Monday, February 14, 2011

Your Brand? Let's Try That Again.

Adam R. Jacobson quotes Lee Vann of Captura Group in his The 2010 U.S. Hispanic Social Media & Marketing Overview, "...the right approach is ultimately developing a social media strategy that drives value - and minimizes the fear of yielding some control to the consumer..."

Over the past two to three years most organizations have concluded that social media can provide a reasonable, if not, tremendous return on investment, despite the difficulty in coming to an agreement regarding how to best measure ROI.

More than anything else, these days it appears that the control of the brand and the associated reputational risks are what keep executives from fully diving in.  There exists a fear among many executives and other stakeholders that entering the world of social media means giving up control of the message and of the brand.

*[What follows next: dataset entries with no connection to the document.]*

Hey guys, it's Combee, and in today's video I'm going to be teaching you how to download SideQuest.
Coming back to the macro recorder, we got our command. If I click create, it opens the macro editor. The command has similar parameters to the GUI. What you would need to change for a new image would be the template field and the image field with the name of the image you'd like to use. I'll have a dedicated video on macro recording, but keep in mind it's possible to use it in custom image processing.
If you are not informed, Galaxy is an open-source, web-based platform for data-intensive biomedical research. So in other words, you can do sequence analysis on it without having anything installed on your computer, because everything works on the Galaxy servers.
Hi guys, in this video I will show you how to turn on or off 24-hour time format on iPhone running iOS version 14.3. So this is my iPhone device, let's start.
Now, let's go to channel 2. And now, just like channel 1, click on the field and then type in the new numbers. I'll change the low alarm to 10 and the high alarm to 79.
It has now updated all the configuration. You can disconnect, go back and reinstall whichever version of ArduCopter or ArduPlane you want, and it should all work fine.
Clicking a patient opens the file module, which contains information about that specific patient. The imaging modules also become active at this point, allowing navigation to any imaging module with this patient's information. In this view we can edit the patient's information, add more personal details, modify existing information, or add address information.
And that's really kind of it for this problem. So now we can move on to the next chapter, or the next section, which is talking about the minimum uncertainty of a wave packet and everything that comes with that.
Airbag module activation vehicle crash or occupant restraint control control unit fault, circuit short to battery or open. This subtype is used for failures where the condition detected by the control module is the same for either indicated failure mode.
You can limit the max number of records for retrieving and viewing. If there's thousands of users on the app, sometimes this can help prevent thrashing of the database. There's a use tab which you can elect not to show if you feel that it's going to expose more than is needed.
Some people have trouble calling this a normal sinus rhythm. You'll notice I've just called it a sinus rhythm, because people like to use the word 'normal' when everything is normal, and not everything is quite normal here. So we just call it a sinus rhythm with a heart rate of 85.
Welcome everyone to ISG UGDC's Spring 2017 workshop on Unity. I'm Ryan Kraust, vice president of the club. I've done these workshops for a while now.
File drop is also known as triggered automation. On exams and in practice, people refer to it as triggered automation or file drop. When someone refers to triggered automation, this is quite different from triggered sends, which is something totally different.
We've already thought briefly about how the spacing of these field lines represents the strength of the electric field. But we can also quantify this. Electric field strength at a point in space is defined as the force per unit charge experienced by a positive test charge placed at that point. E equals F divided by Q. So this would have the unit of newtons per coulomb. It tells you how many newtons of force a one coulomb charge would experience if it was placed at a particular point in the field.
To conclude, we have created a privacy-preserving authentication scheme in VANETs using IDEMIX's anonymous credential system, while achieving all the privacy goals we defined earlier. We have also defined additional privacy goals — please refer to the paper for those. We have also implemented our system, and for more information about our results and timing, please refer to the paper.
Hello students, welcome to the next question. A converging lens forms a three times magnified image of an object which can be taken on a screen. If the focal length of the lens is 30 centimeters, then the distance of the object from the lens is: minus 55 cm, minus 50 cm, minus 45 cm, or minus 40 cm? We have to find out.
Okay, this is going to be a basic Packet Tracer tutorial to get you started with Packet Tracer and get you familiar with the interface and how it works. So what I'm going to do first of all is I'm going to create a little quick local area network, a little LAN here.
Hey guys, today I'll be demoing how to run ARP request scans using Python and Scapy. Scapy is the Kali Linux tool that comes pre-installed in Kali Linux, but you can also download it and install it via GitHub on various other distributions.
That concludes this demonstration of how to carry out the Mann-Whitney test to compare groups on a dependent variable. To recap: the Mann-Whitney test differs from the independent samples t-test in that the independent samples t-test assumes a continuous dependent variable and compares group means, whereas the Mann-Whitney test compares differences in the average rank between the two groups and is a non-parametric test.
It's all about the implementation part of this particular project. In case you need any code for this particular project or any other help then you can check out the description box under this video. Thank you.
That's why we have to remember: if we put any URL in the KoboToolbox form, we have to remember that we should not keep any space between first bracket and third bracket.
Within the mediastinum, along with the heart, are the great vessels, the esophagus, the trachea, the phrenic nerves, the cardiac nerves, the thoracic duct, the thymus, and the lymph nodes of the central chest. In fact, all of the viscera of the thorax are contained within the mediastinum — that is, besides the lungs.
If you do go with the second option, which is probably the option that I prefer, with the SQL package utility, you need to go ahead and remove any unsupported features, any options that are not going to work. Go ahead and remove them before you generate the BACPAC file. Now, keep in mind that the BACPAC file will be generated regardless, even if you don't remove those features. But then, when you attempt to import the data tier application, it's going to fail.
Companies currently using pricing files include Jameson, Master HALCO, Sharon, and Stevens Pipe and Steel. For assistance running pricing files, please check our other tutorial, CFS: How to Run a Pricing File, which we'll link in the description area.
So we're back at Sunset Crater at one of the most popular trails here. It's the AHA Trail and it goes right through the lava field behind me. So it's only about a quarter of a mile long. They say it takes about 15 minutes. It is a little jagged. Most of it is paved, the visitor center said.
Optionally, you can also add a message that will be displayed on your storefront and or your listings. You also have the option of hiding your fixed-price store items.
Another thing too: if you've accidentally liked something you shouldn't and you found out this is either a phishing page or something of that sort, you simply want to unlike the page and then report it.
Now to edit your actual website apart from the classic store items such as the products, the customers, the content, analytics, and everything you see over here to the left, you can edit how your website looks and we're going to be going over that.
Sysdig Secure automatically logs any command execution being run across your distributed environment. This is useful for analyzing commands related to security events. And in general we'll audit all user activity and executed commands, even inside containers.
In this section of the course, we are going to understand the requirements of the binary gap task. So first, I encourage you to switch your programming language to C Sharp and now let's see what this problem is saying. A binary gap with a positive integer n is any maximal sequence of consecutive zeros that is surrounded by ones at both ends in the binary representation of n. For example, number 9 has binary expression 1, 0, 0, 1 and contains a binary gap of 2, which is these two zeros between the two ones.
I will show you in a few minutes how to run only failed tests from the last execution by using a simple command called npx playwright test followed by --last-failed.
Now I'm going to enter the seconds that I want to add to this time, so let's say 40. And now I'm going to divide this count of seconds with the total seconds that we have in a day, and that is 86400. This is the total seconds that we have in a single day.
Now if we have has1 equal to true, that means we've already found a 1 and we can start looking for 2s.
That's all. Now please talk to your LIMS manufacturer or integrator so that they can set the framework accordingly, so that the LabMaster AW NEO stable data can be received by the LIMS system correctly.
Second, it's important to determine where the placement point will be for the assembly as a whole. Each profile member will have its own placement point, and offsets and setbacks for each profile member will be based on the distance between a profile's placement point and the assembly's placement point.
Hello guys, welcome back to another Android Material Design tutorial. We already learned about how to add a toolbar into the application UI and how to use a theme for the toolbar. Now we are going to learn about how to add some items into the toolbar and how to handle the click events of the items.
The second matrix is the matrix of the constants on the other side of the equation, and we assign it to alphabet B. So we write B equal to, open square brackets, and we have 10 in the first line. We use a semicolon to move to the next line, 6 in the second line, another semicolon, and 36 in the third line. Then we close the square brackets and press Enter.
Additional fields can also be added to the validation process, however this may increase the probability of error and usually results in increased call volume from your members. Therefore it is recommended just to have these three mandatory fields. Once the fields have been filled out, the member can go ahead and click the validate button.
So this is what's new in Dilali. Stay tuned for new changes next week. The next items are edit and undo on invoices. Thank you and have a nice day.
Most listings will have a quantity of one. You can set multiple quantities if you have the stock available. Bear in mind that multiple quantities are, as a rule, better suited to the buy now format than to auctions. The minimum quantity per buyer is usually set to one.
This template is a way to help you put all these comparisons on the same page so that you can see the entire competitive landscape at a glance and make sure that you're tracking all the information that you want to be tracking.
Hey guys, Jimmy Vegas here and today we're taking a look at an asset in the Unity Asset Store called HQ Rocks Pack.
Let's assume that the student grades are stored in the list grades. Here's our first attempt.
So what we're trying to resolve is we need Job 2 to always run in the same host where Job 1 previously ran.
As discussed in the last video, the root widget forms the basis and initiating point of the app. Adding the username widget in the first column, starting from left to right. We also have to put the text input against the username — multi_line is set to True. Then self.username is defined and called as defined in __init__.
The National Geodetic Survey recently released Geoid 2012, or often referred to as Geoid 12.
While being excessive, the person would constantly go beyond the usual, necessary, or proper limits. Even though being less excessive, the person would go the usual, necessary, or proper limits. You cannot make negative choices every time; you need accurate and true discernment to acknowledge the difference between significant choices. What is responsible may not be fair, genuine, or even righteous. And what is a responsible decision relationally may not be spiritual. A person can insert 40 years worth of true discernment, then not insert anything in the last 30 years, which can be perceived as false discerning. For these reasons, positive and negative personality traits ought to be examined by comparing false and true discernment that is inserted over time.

But what these people have failed to realize is that they already lost control of their brand - regardless of their adoption of social media.

Web 2.0 developed a bond among peers.  This peer-to-peer phenomenon is what recently created historic change in Egypt.  The same peer-to-peer phenomenon that took messaging/influencing control away from Egypt and gave it to its citizens, has similarly affected EVERY organization's ability to control its brand.  As social networks, microblogs, blogs, peer review sites and other social media platforms continue to gain popularity, organizations continue to lose control.

Egyptian Citizens Take Control Through Peer-to-Peer Social Media Tools
Two easy social media and banking examples of the loss of control are the U.S. Bank Sucks and Bank of America Sucks Facebook pages.  In both cases the banks have lost the ability to completely control the messaging.  In these examples, peers are sharing with other peers their experiences for the collective benefit of the "community."  Once these experiences are documented, consumers can compare the collective experience of the community to the messaging being delivered by the organizations to determine next steps.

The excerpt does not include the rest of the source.